When you transcribe the listing, keep each line exact and drop the pictures.

* GIVEN MATERIAL *

::::::::::

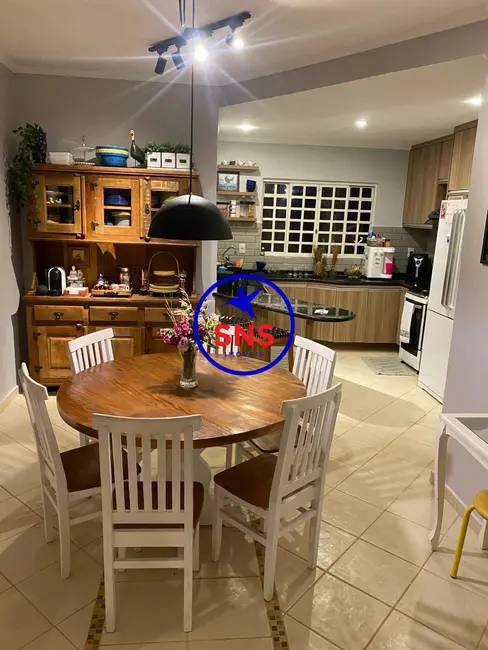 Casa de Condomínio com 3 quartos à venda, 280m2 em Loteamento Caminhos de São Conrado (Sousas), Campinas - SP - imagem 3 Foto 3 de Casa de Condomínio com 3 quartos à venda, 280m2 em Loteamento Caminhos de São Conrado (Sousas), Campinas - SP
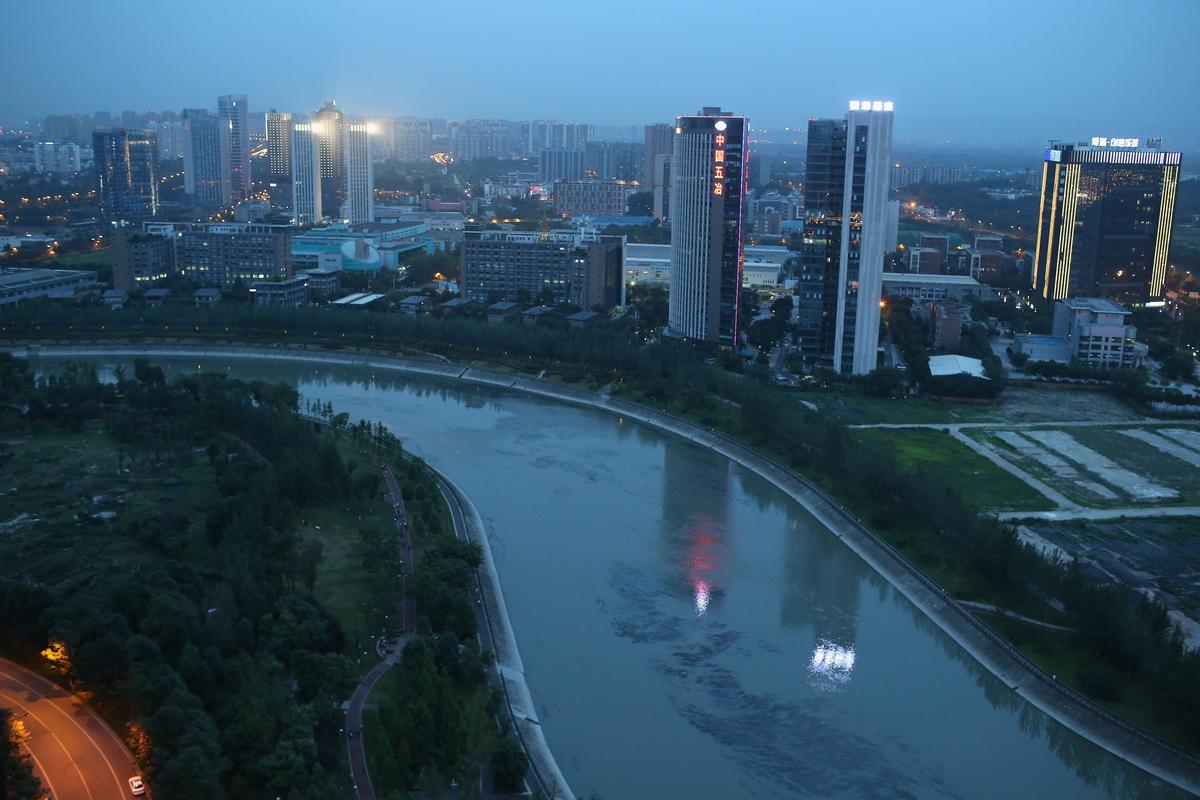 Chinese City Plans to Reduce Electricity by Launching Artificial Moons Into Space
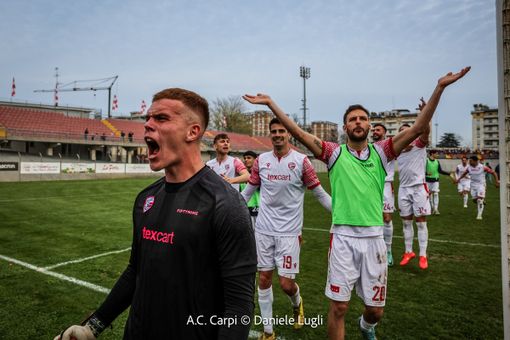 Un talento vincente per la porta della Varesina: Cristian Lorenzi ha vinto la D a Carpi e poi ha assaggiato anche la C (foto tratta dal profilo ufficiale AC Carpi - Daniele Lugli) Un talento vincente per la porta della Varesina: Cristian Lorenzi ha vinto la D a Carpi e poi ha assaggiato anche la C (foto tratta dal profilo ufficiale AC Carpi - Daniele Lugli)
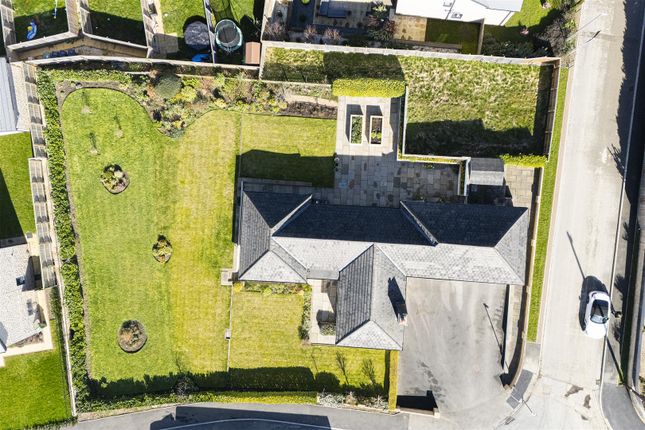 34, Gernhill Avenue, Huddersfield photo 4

::::::::::

* ANSWER AREA *
 Casa de Condomínio com 3 quartos à venda, 280m2 em Loteamento Caminhos de São Conrado (Sousas), Campinas - SP - imagem 3 Foto 3 de Casa de Condomínio com 3 quartos à venda, 280m2 em Loteamento Caminhos de São Conrado (Sousas), Campinas - SP
 Chinese City Plans to Reduce Electricity by Launching Artificial Moons Into Space
 Un talento vincente per la porta della Varesina: Cristian Lorenzi ha vinto la D a Carpi e poi ha assaggiato anche la C (foto tratta dal profilo ufficiale AC Carpi - Daniele Lugli) Un talento vincente per la porta della Varesina: Cristian Lorenzi ha vinto la D a Carpi e poi ha assaggiato anche la C (foto tratta dal profilo ufficiale AC Carpi - Daniele Lugli)
 34, Gernhill Avenue, Huddersfield photo 4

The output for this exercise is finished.